An electrical accident at the Water Pollution Control facility in Waterbury on Columbus Day had uncorked 5,000,000 gallons of raw sewage into the Naugatuck River, effectively killing a several mile stretch of the watershed. Perhaps the most chilling part of the accident was that the public and neighboring towns down river first learned about the spill in an expose written by Michael Puffer in the Republican-American newspaper ten days after the discharge. The accident has been statewide news for months as Waterbury investigated the incident. The state mandated a clean-up and ordered Waterbury to come up with a protocol for notifying the public in the event of future accidents.
Today's incident wasn't at the sewage treatment plant, it was at Somers Thin Strip on Baldwin Avenue in the South End of Waterbury. 5000 gallons of machine oil was discharged into storm drains outside the facility, and within an hour the oil had spread a several-mile-long oil slick reaching from 1300 South Main all the way down to the Pulaski Bridge in Naugatuck.
Mayor Neil O'Leary's chief of staff, Joe Geary, told the Observer that a call came into the Waterbury Fire Department at 3 pm this afternoon. "5000 gallons of oil went across the asphalt and into a catch basin," Geary said. "From there in flowed down a storm drain and directly into the Naugatuck River."

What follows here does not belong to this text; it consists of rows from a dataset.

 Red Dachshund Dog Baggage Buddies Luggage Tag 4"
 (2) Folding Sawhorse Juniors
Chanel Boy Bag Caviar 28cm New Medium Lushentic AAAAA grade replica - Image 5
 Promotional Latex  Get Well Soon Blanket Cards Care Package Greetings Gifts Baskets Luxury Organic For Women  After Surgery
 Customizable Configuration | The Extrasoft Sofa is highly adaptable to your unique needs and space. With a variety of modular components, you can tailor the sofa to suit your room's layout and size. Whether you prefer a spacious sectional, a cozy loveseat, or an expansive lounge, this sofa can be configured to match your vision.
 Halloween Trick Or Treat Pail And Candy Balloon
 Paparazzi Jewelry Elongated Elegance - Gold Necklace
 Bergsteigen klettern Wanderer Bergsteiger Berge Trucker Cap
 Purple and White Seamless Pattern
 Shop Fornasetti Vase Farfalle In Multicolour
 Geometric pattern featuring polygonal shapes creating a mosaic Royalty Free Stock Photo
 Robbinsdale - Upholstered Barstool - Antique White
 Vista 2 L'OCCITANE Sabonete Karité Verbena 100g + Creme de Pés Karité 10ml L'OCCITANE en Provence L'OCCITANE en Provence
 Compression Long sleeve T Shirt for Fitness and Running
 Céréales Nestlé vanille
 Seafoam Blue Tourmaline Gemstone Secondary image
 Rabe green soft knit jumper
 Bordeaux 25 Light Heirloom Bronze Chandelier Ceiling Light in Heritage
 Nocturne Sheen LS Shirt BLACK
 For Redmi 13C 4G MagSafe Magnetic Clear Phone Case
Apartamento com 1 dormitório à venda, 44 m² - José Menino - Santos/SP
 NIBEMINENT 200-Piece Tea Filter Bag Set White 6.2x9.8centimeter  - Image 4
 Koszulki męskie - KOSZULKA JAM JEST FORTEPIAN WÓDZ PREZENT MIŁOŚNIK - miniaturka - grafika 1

Four fire trucks and a hazmat truck set up shop along South Main Street to try and contain the oil at the drain pipe as it entered into the Naugatuck River.
Waterbury firefighters used absorbent booms to try and corral the oil. Joe Geary said there would be attempts to go down river to try and intercept oil slicks in Beacon Falls.
What impact the oil will have on the river's ecosystem is unclear, and it won't be until daybreak that the damage along the shoreline will be visible.
Olin Corporation owns Somer Thin Strip and is the leading manufacturer and converter of copper and copper-alloy sheet, strip, foil, tube and fabricated components in North America.
Denis Cuevas is the general manager of Waterbury's Pollution Control facility and took a lot of heat for not informing Mayor O'Leary or the public about the 5,000,000 gallons of raw sewage that was dumped into the Naugatuck River on Columbus Day. Although today's accident wasn't at his faciilty, Cuevas set off an alarm notifying the mayor, the health department, Naugatuck, Beacon Falls, Derby, and the Environmental Committee in Waterbury via e-mail by 7:45 pm.
Sondra Zak was notified of the oil spill via Facebook and spent the last light of day documenting the spill with a video camera.
Kevin Zak was tied up photographing a basketball game this afternoon and didn't fully engage in today's oil spill until after 6 pm. Zak said he was encouraged by the response to the accident.
"First the company reported the accident itself," Zak said. "Then Joe DeMatos reported what he saw from the Polish American Club and contacted the Naugatuck River Revival Group. Waterbury contacted DEEP, and Denis Cuevas sent out an alarm up and down the river. This is all progress, people are communicating."